Exercise aim ▸
Pictures in the listing below are skipped, while the lines from the "Calm water surface" line through the "Two pair of" line are returned word for word.

Exercise materials ▸
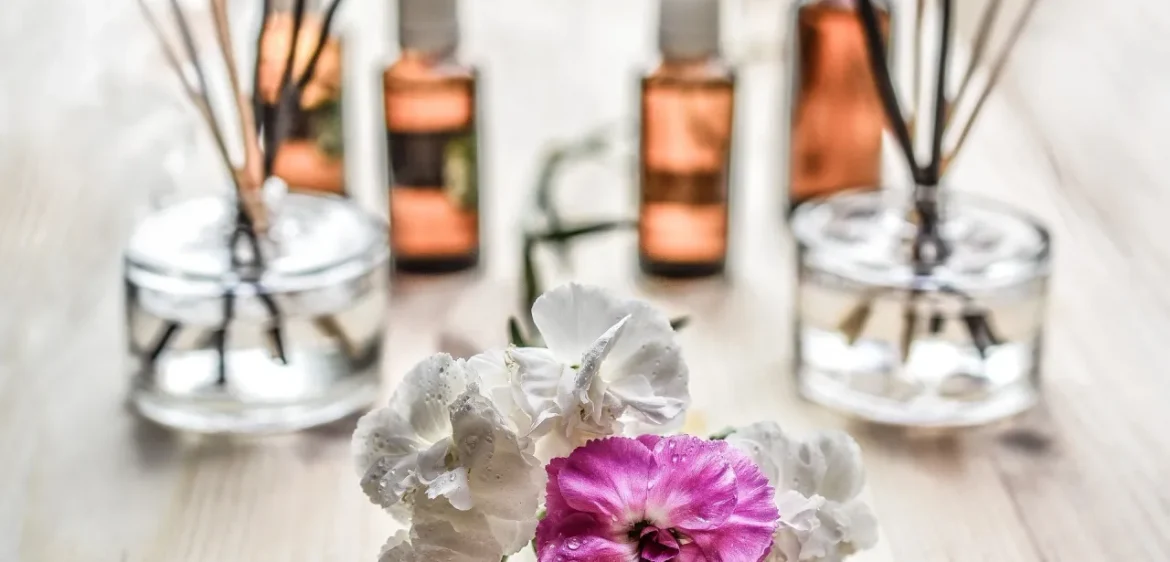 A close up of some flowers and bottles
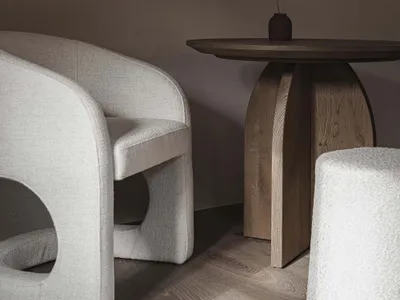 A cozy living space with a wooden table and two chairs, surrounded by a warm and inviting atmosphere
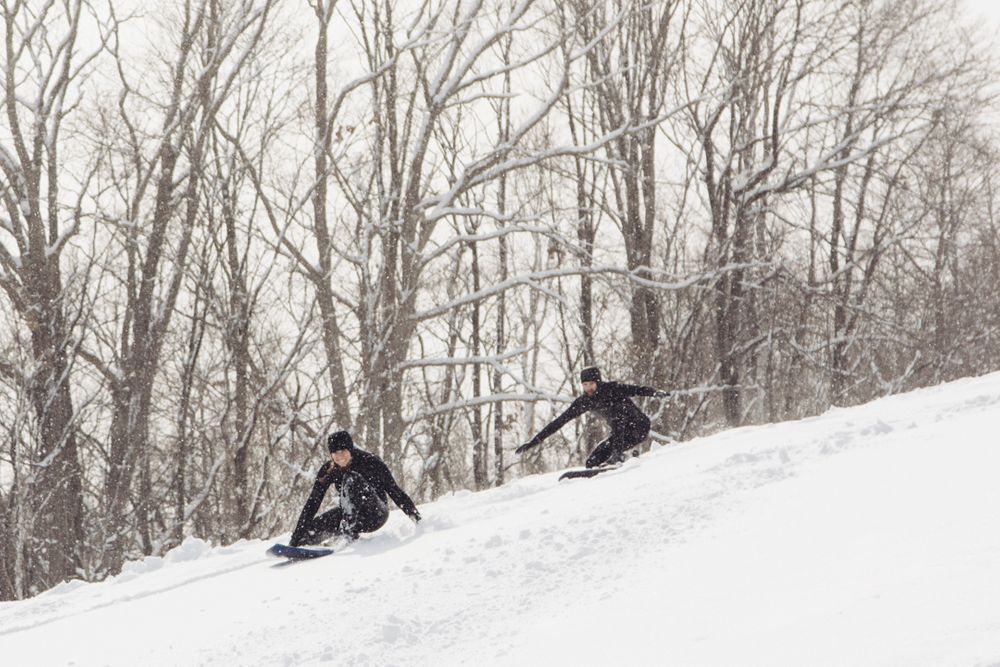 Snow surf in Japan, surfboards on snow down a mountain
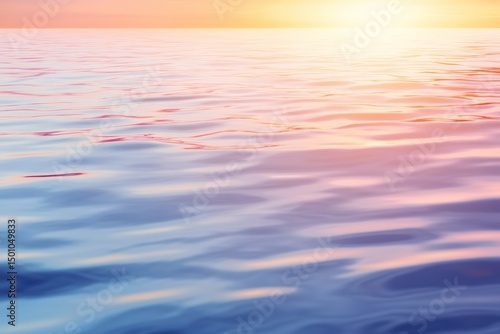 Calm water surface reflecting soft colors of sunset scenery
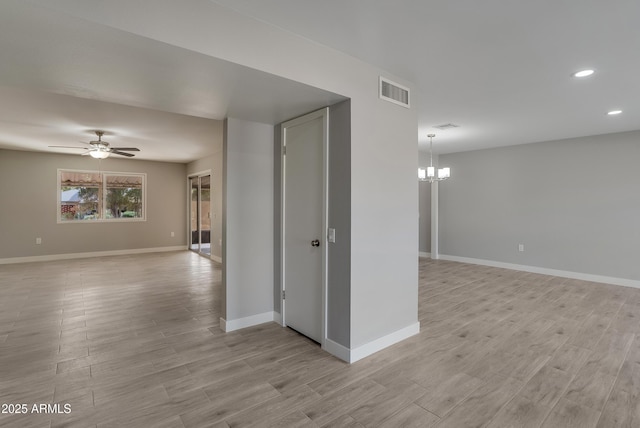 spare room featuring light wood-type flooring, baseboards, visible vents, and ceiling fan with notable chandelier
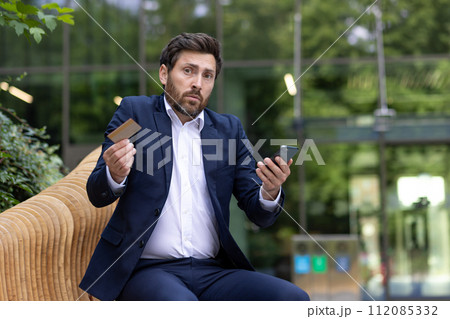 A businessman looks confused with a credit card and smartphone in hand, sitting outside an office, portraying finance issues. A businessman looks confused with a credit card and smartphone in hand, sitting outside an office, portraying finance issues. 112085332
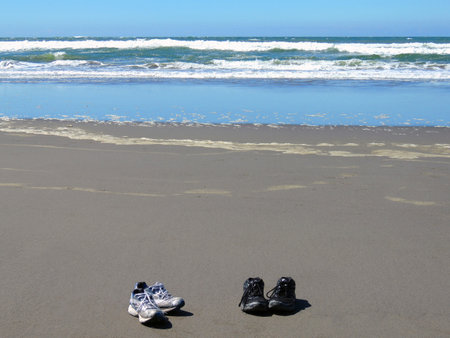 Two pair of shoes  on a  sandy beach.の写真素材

* * *

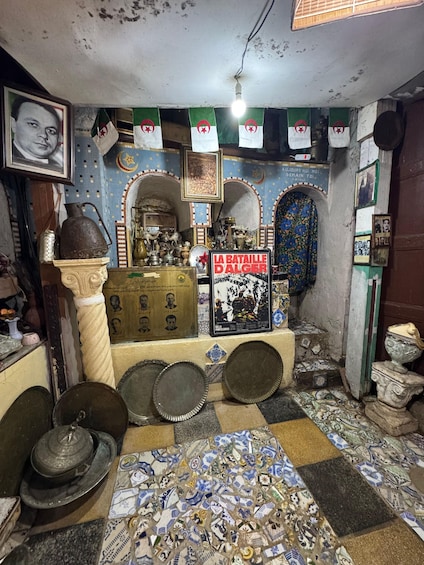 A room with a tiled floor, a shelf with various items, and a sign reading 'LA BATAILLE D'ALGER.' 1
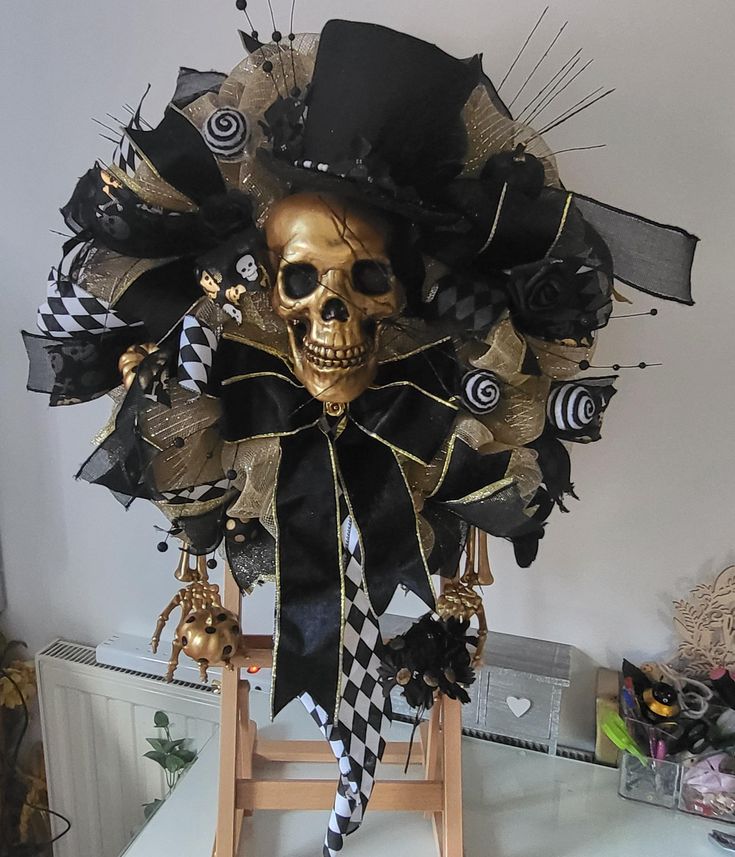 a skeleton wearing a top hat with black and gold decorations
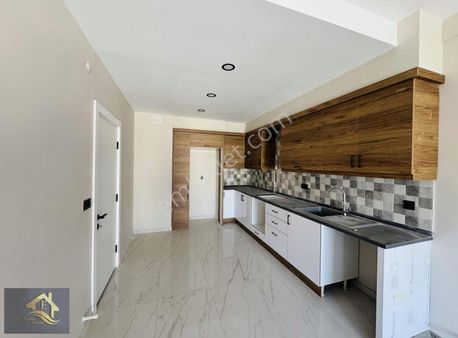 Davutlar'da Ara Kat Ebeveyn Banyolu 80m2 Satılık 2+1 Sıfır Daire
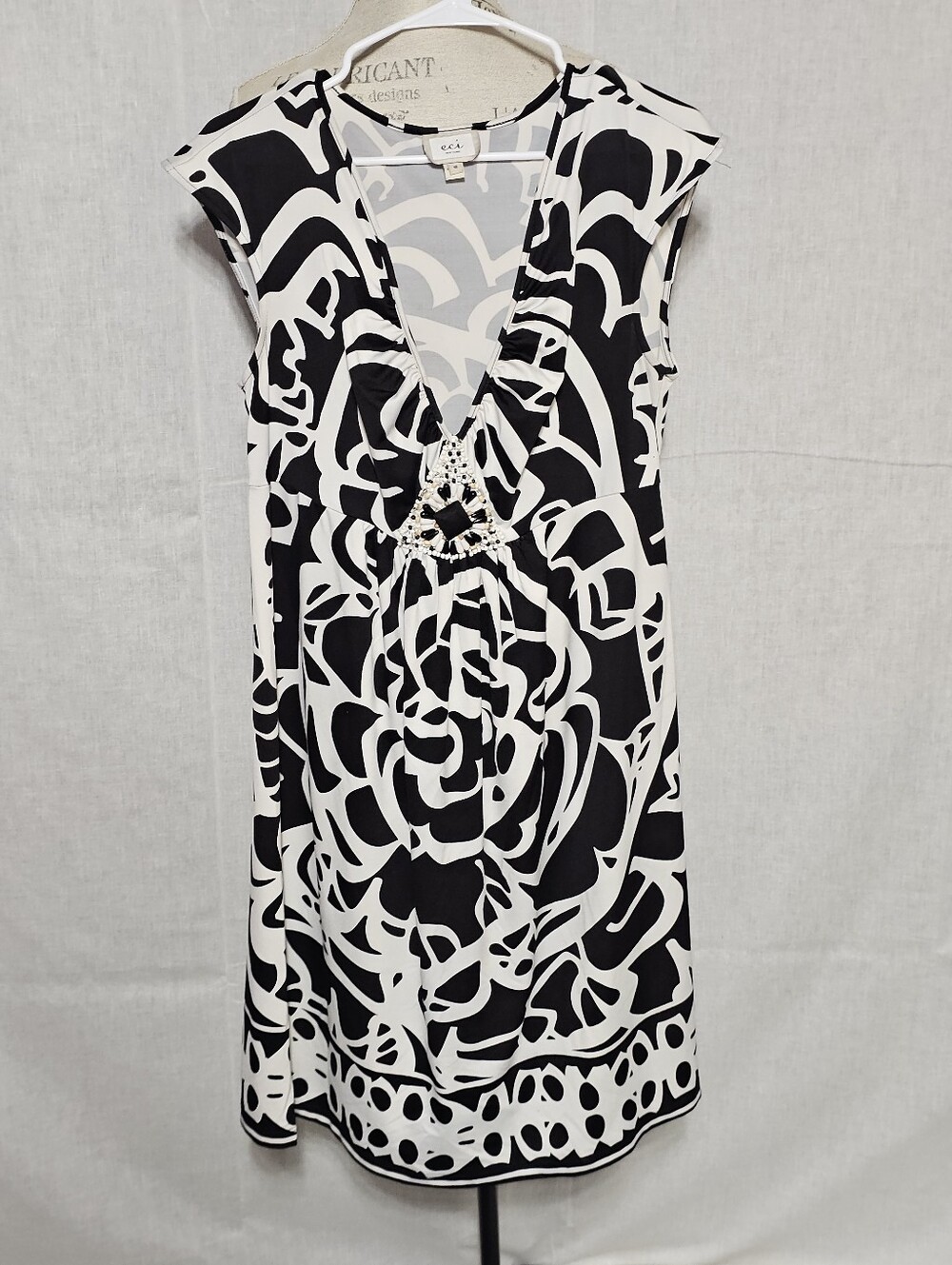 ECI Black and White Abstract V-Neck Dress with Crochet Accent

==

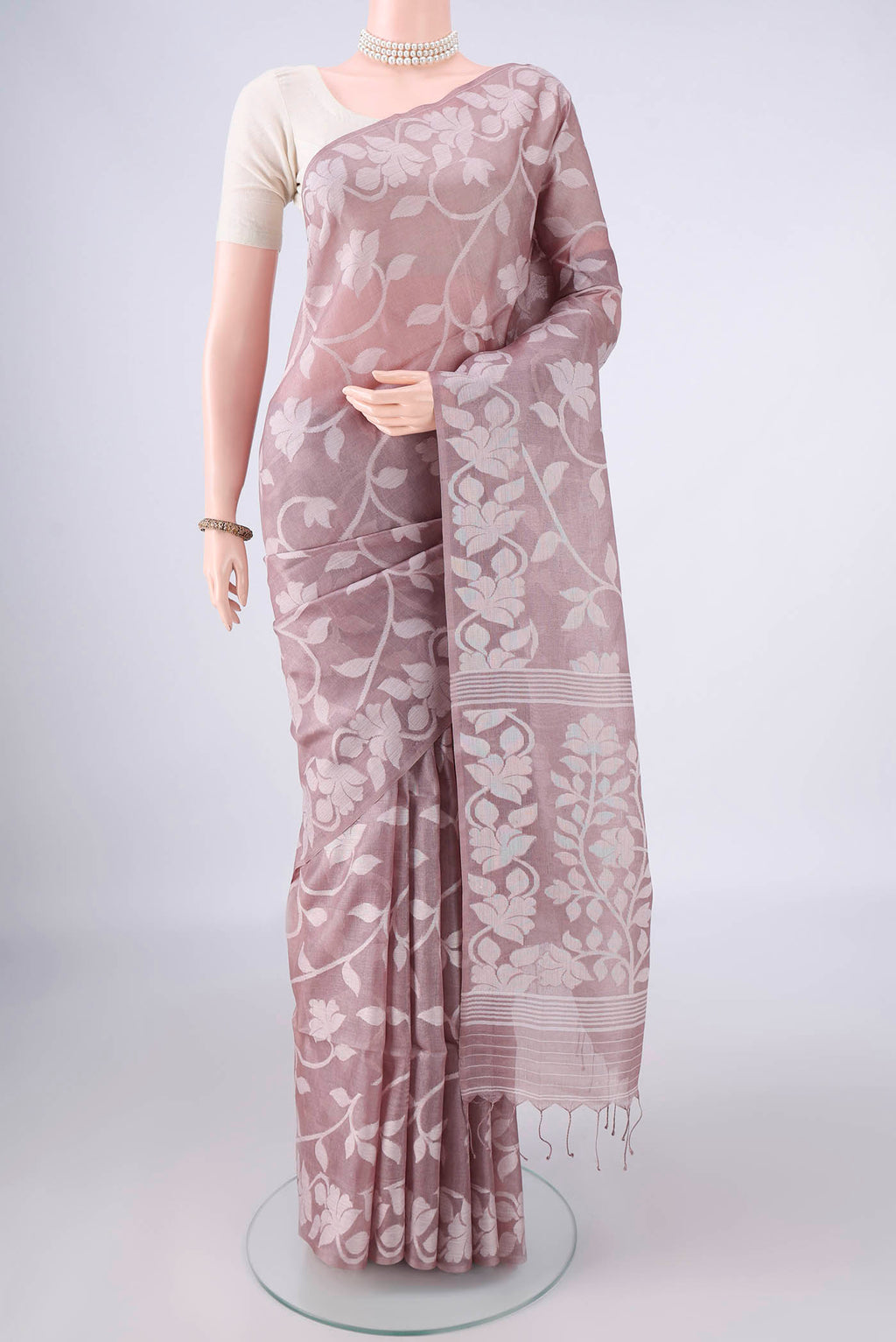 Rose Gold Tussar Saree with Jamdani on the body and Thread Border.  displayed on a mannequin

Result of this task ▸
 Calm water surface reflecting soft colors of sunset scenery
 spare room featuring light wood-type flooring, baseboards, visible vents, and ceiling fan with notable chandelier
 A businessman looks confused with a credit card and smartphone in hand, sitting outside an office, portraying finance issues. A businessman looks confused with a credit card and smartphone in hand, sitting outside an office, portraying finance issues. 112085332
 Two pair of shoes  on a  sandy beach.の写真素材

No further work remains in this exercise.